The decision to certify the class comes from the same Californian judge who denied Uber’s motion for summary judgment back in March. In that ruling he rolled his eyes at the company’s feeble attempts to make its business plans comport to a shade of legal legitimacy. To wit, Uber claimed:
- That Uber made most of its money from “sharing” its driver’s fees, but that it was in the “technology business,” not the transportation business,
- That Uber had no control over how its drivers acted while on the road, but that they should absolutely most definitely text potential riders when they were about a minute away from picking them up, play light jazz or NPR on the radio (at low volume), and open the door for riders, holding an umbrella, when necessary, should not drive past or U-turn within sight of a potential rider when picking them up, and
- That Uber allowed drivers to refuse ride requests whenever they wanted to, but that it also threatened to fire a driver for refusing ride requests more than 20% of the time.

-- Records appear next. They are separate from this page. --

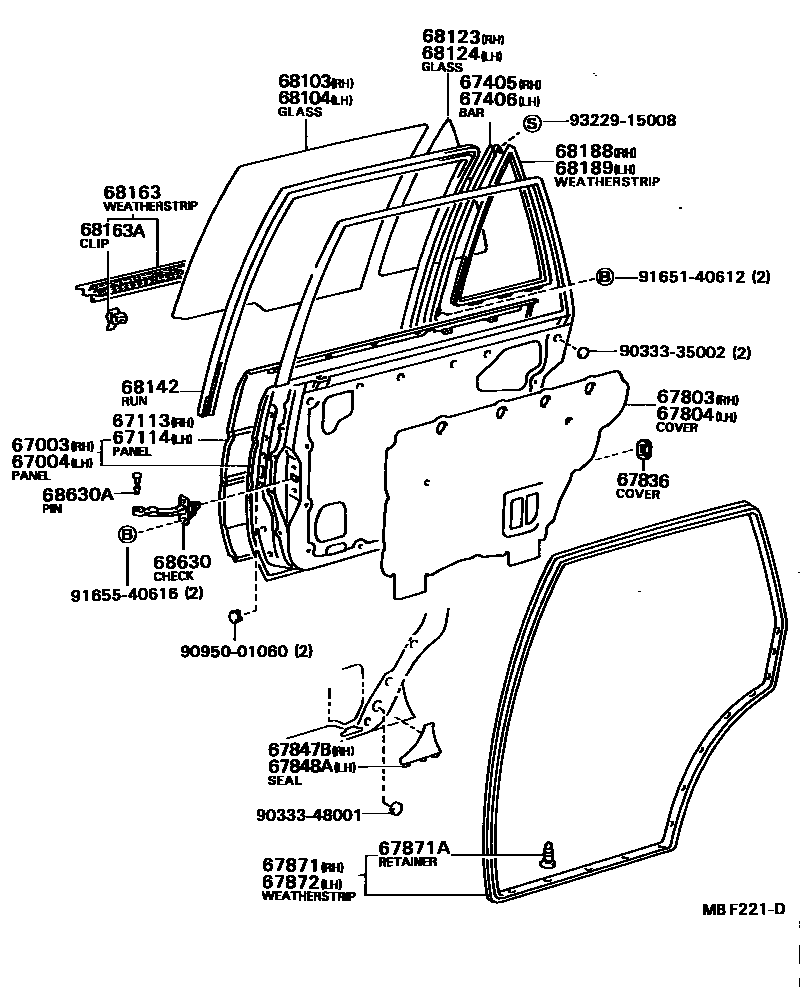 Toyota COROLLA 后门板和后门玻璃 EPC diagram — MBF221D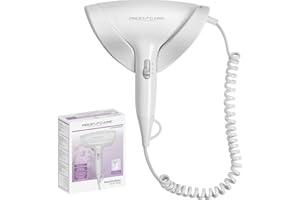 PROFI CARE ProfiCare PC-HT 3044, Sèche-Cheveux Mural, 2 Niveaux de température et de Puissance, 1800 Watts, Câble Spirale Extra Long Cool Shot avec arrêt de sécurité, Blanc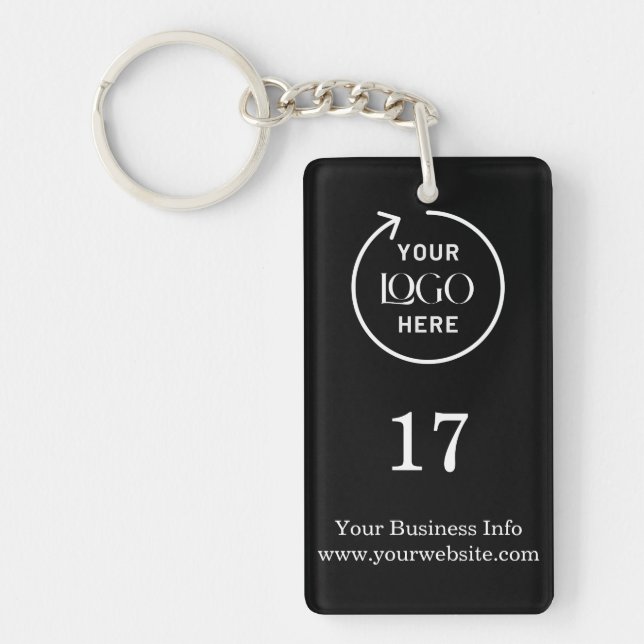 Porte-clefs Numéro de chambre | Black Business Modern (Devant)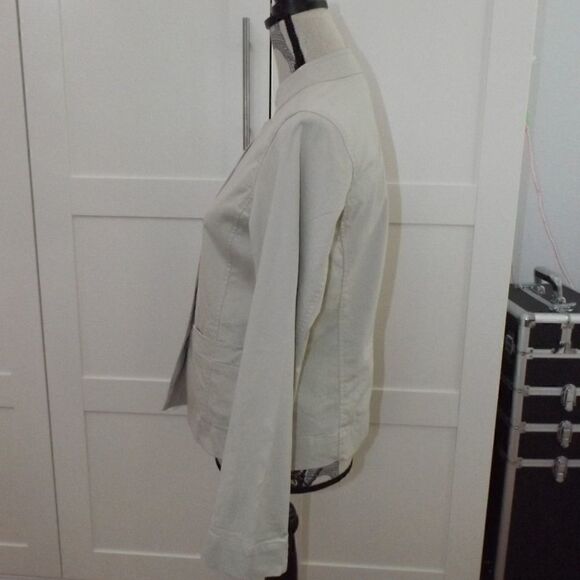 Eileen Fisher Tan Cotton Casual Jacket Button - Picture 3 of 8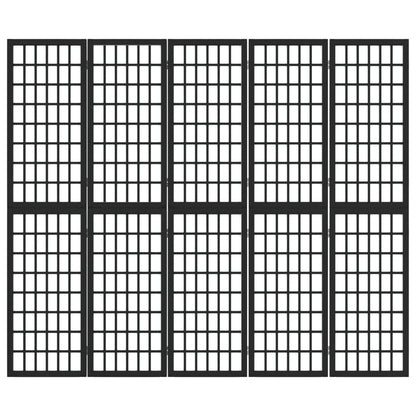 5-tlg. Paravent Japanischer Stil Faltbar 200x170 cm Schwarz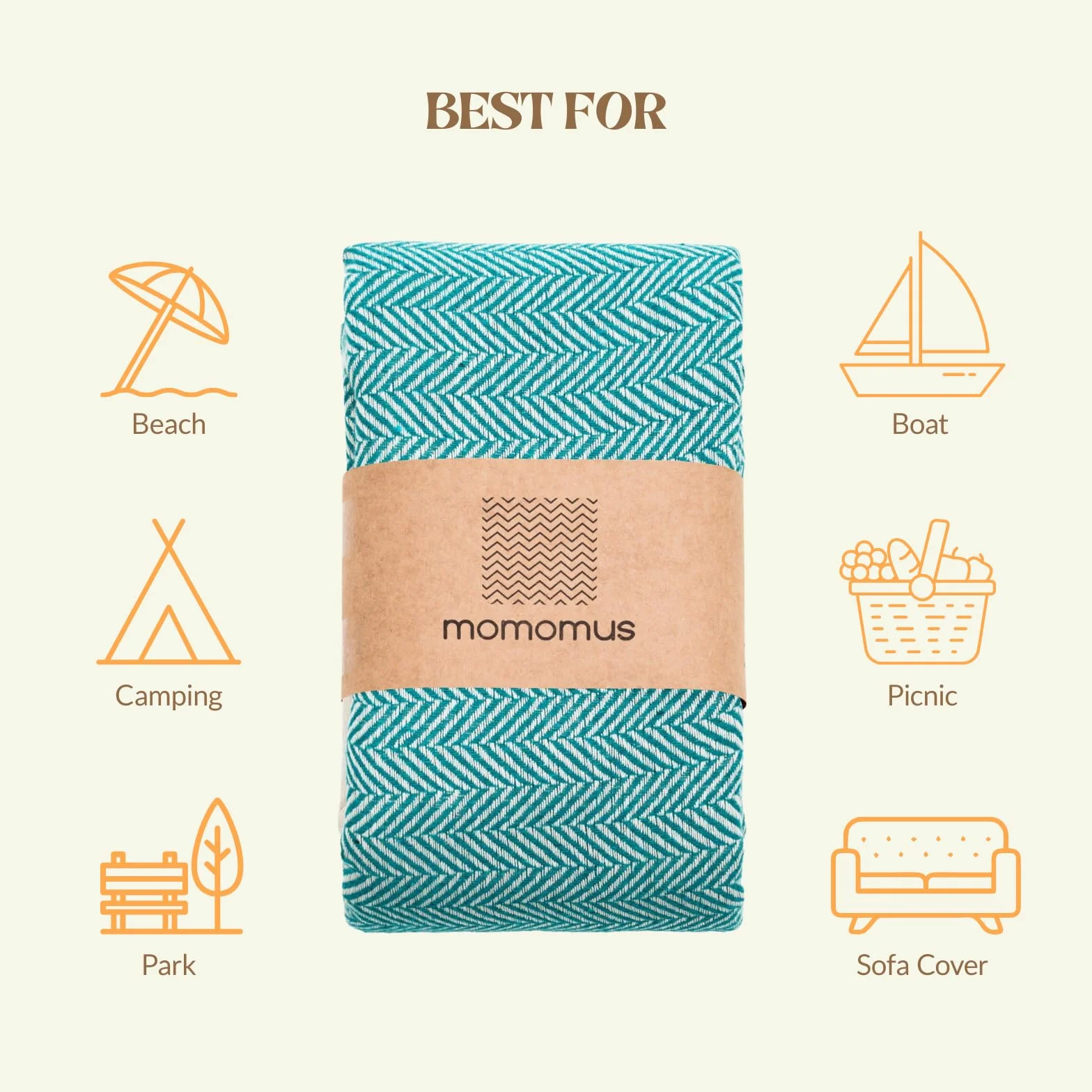 MOMOMUS Fouta XL o Toalla de Playa de Algodón 100% - Absorbente, Suave y Ligera - Ideal como Toalla para Piscina y SPA o Pareo de Playa XL - Verde Mar, 90 x 170cm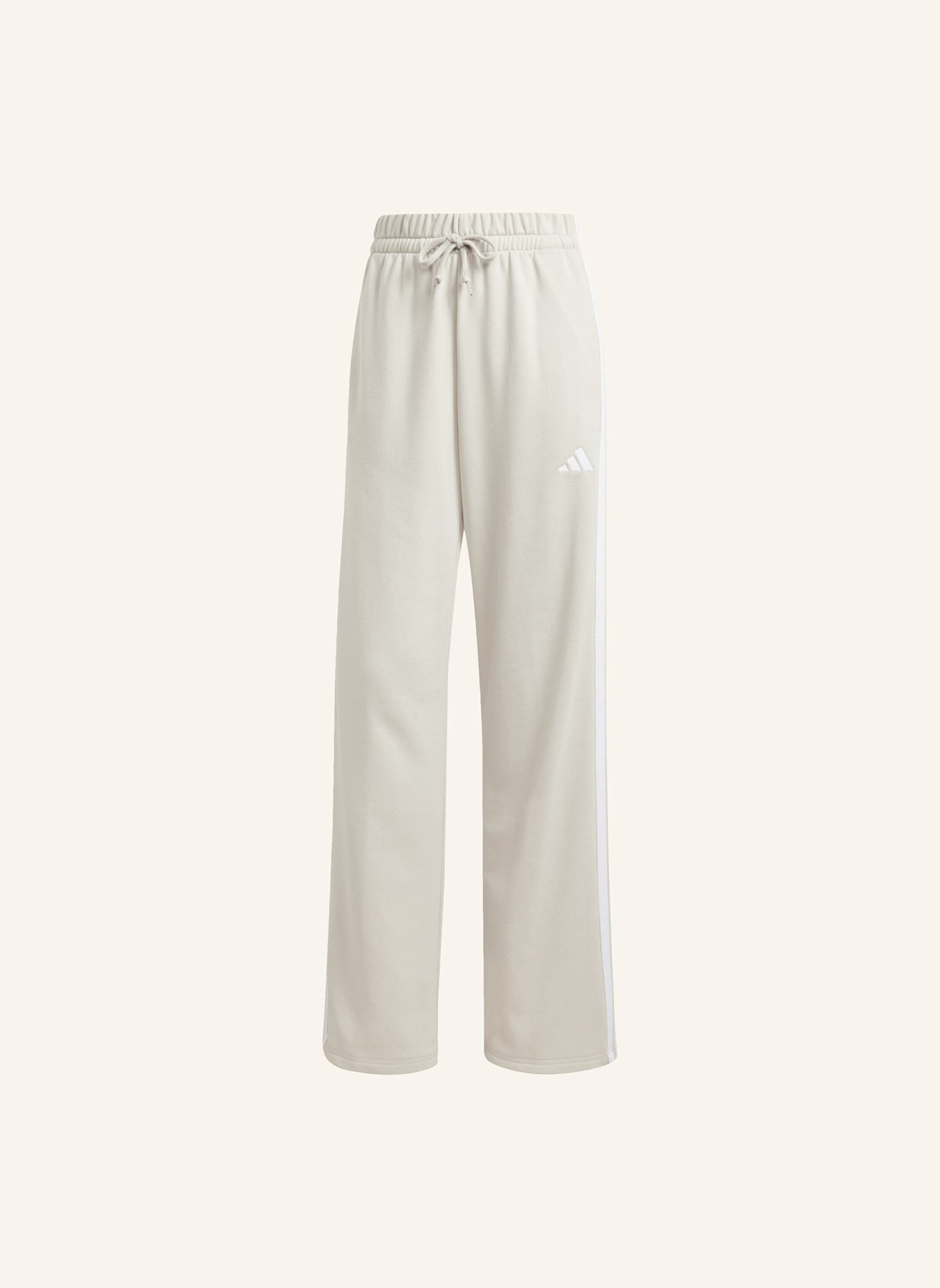 adidas ESSENTIALS 3-STREIFEN OPEN HEM FRENCH TERRY HOSE: BEIGE/ WEISS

The creation of the class action, however, stirs up problems of its own. Chief among them is that currently there’s more disunity in the class than unity. The original suit involved three drivers, who now claim to speak for the interests of all Uber drivers in California. However, the court has on hand, the testimony of 400 Uber drivers who disagreed with everything these three stand for in the case. I Facebooked through most of Civ. Pro. II, but I don’t think that’s what commonality means.
Further, the creation of the class action does nothing to help the named plaintiffs. The legal issues remain the same, regardless of how many there are. It does, however, make certain that Californian Uber drivers who want in on the action go through the attorney for the three plaintiffs, Shannon Liss-Riordan, who, oh, by the way, is trying to certify a similar class action in a case against Uber wannabe, Lyft. Of course, having more people in the class puts more stress on Uber to avoid a cataclysmic verdict, and push them towards settling and paying a cushy attorney fee, which was the whole point of this exercise, anyway.
As expected, Uber has said they would appeal, to try drowning the case in legal-sized paper.